Приведу отрывок из биографического очерка «Новобранец 1812 года» – описание встречи с Барклаем-де-Толли:
«Я пошел… прогуляться по деревне. Когда мы подходили к станционному дому, возле него остановилась колясочка; она была откинута. В ней сидел Барклай-де-Толли. Его сопровождал только один адъютант. При этом имени почти все, что было в деревне, составило тесный и многочисленный круг и обступило экипаж. Смутный ропот пробежал по толпе… Не мудрено… отступление к Москве расположило еще более умы против него… никто не понимал тогда великого полководца, который с начала войны – до бородинской отчаянной схватки – сберег на плечах своих судьбу России. Но ропот тотчас замолк: его мигом сдержал величавый, спокойный, холодный взор полководца. Ни малейшая тень смущения или опасения не пробежала по лицу его. В этом взоре не было ни угрозы, ни гнева, ни укоризны, но в нем было то волшебное, не разгадываемое простыми смертными могущество, которым наделяет Провидение своего избранника и которому невольно покоряются толпы, будучи сами не в состоянии дать отчета, чему они покоряются. Мне случалось после видеть, как этот холодный, спокойный, самоуверенный взгляд водил войска к победе, как он одушевлял их при отступлении (из-под Бауцена и окрестностей Парижа, когда мы в первый раз подходили к нему). Русский солдат, всегда недовольный ретирадами, не роптал тогда, потому что, смотря на своего предводителя, уверен был, что он не побежден, а отступает ради будущей победы.

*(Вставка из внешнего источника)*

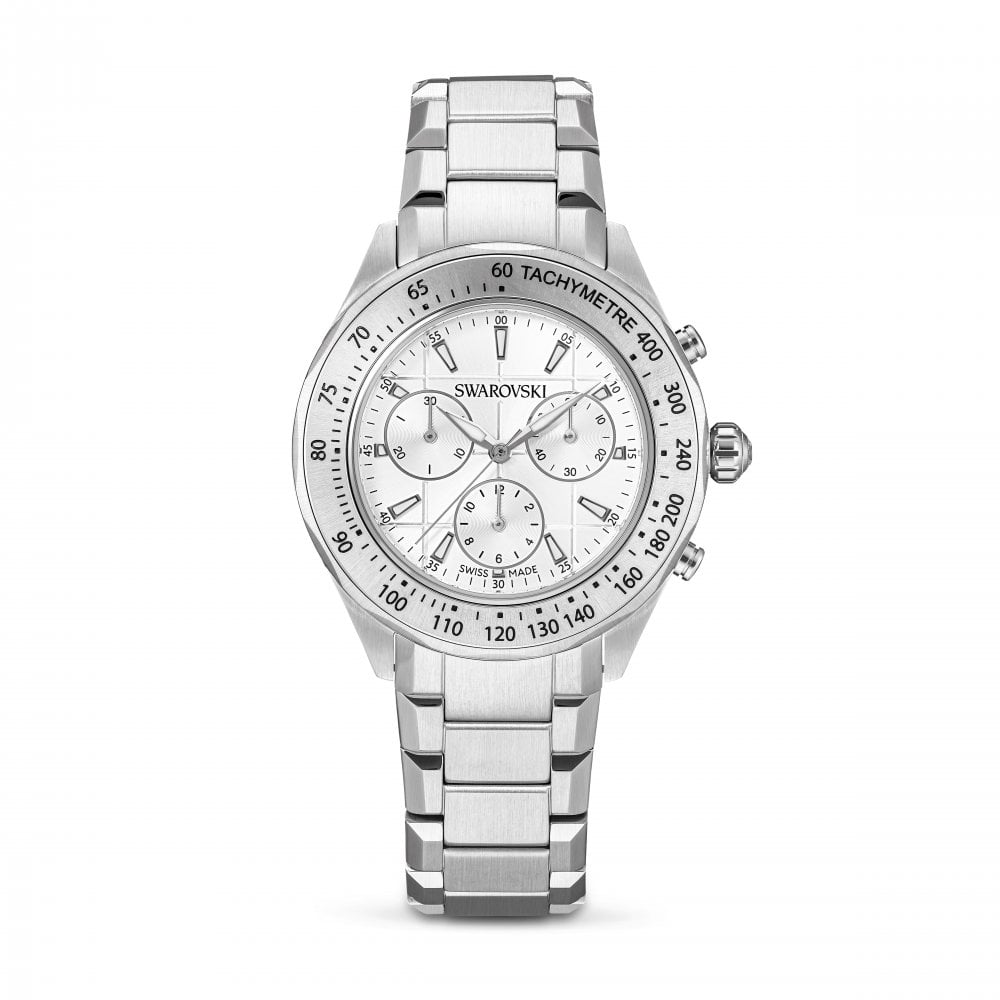 Dextera tachymetre watch, Swiss Made, Metal bracelet, Silver tone, Stainless steel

День был ясный, коляска стояла под тенью липы, урвавшей на улицу несколько густых сучьев из-за плетня деревенского сада. Барклай-де-Толли скинул фуражку, и засиял голый череп, обессмертненыый кистью Дова и пером Пушкина. При этом движении разнородная толпа обнажила свои головы. Вскоре лошади были готовы, и экипаж исчез в клубах пыли. Но долго еще стояла толпа на прежнем месте, смущенная и огромленная видением великого человека».
Право, как тут не вспомнить иные страницы «Войны и мира». Те же длинные периоды, та же точность, пронзительность описания. То же самое желание не просто нарисовать картину, но тут же учинить ей психологический анализ…

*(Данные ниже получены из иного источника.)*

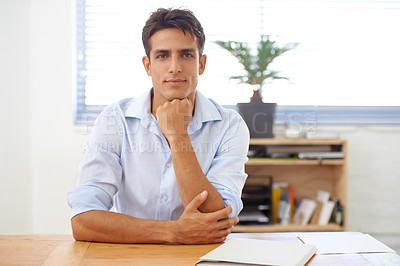 Buy stock photo Businessman, portrait and relax with documents at office in confidence for career ambition or mindset. Man or employee smile with hand on chin by paperwork, desk or table for finance job at workplace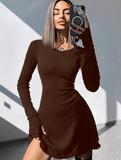 Women’s Sexy Long Sleeve Bodycon Mini Dress – Slim Fit Nightclub Party Dress for Women, Elegant Clubwear for Vacation, Family Events, Evening Outfits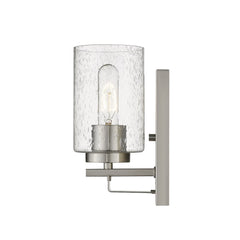 Silver Metal and Textured Glass Wall Sconce - Homeroots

Писатель Лажечников вырос в семье купца-либерала, человека широкого и хлебосольного. Детские, лучшие годы его жизни уже связаны с усадьбой Красное сельцо, с барским домом в старинном парке, который без натяжки часто именуют Дворцом…

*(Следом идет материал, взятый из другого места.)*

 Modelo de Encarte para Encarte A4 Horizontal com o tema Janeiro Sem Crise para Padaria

«Сюда стекались дворяне уезда на приманку вкусных обедов с аршинными стерлядями, пойманными в собственных прудах, и двухфунтовыми грушами, только что сорванными в своих оранжереях. Все это приправляло радушие, ум, любезность хозяина и красота хозяйки. Офицеры Екатерининского кирасирского полка, стоявшего в окрестности, толпились каждый день у гостеприимного амфитриона… Губернаторы, ездившие ревизовать губернию, делали несколько верст крюку по проселочной дороге, чтобы откушать хлеб-соль у радушного помещика-купца. Порядочный оркестр домашних музыкантов, во время обедов, услаждал слух гостей увертюрами из тогдашних модных опер».
Не лишне тут заметить, что отец писателя отпустил на волю всех дворовых людей, оставив только музыкантов, которых, впрочем, вскоре отпустил тоже. Он уничтожил барщину и заменил ее умеренным оброком. За все работы была положена условленная плата. Не всем это было по душе. И однажды ночью, когда Лажечниковы находились в Коломне, они были разбужены страшным стуком.